Dave Chinner <david@xxxxxxxxxxxxx> · Fri, 23 Apr 2010 11:06:32 +1000

On Mon, Apr 19, 2010 at 04:20:34PM +0100, Mel Gorman wrote:
> On Fri, Apr 16, 2010 at 04:14:03PM +0100, Mel Gorman wrote:
> > > > Your patch fixes 2, avoids 1, breaks 3 and haven't thought about 4 but I
> > > > guess dirty pages can cycle around more so it'd need to be cared for.
> > > 
> > > Well, you keep saying that they break #3, but I haven't seen any
> > > test cases or results showing that. I've been unable to confirm that
> > > lumpy reclaim is broken by disallowing writeback in my testing, so
> > > I'm interested to know what tests you are running that show it is
> > > broken...
> > > 
> > 
> > Ok, I haven't actually tested this. The machines I use are tied up
> > retesting the compaction patches at the moment. The reason why I reckon
> > it'll be a problem is that when these sync-writeback changes were
> > introduced, it significantly helped lumpy reclaim for huge pages. I am
> > making an assumption that backing out those changes will hurt it.
> > 
> > I'll test for real on Monday and see what falls out.
> > 
> 
> One machine has completed the test and the results are as expected. When
> allocating huge pages under stress, your patch drops the success rates
> significantly. On X86-64, it showed
> 
> STRESS-HIGHALLOC
>               stress-highalloc   stress-highalloc
>             enable-directreclaim disable-directreclaim
> Under Load 1    89.00 ( 0.00)    73.00 (-16.00)
> Under Load 2    90.00 ( 0.00)    85.00 (-5.00)
> At Rest         90.00 ( 0.00)    90.00 ( 0.00)
> 
> So with direct reclaim, it gets 89% of memory as huge pages at the first
> attempt but 73% with your patch applied. The "Under Load 2" test happens
> immediately after. With the start kernel, the first and second attempts
> are usually the same or very close together. With your patch applied,
> there are big differences as it was no longer trying to clean pages.

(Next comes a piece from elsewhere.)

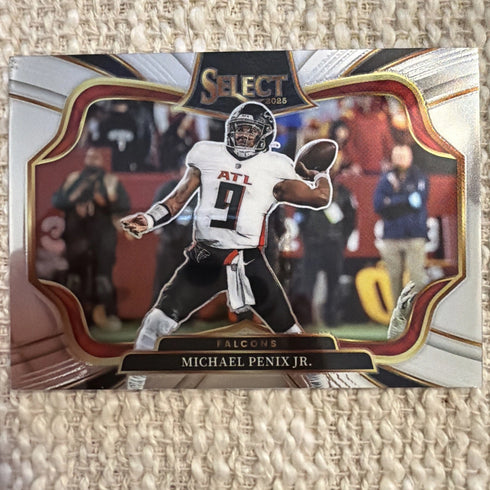 2025 Panini Select Michael Penix Jr. Field Level Base #446 Atlanta Falcons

What was the machine config you were testing on (RAM, CPUs, etc)?
And what are these loads? Do you have a script that generates
them? If so, can you share them, please?

OOC, what was the effect on the background load - did it go faster
or slower when writeback was disabled? i.e. did we trade of more
large pages for better overall throughput?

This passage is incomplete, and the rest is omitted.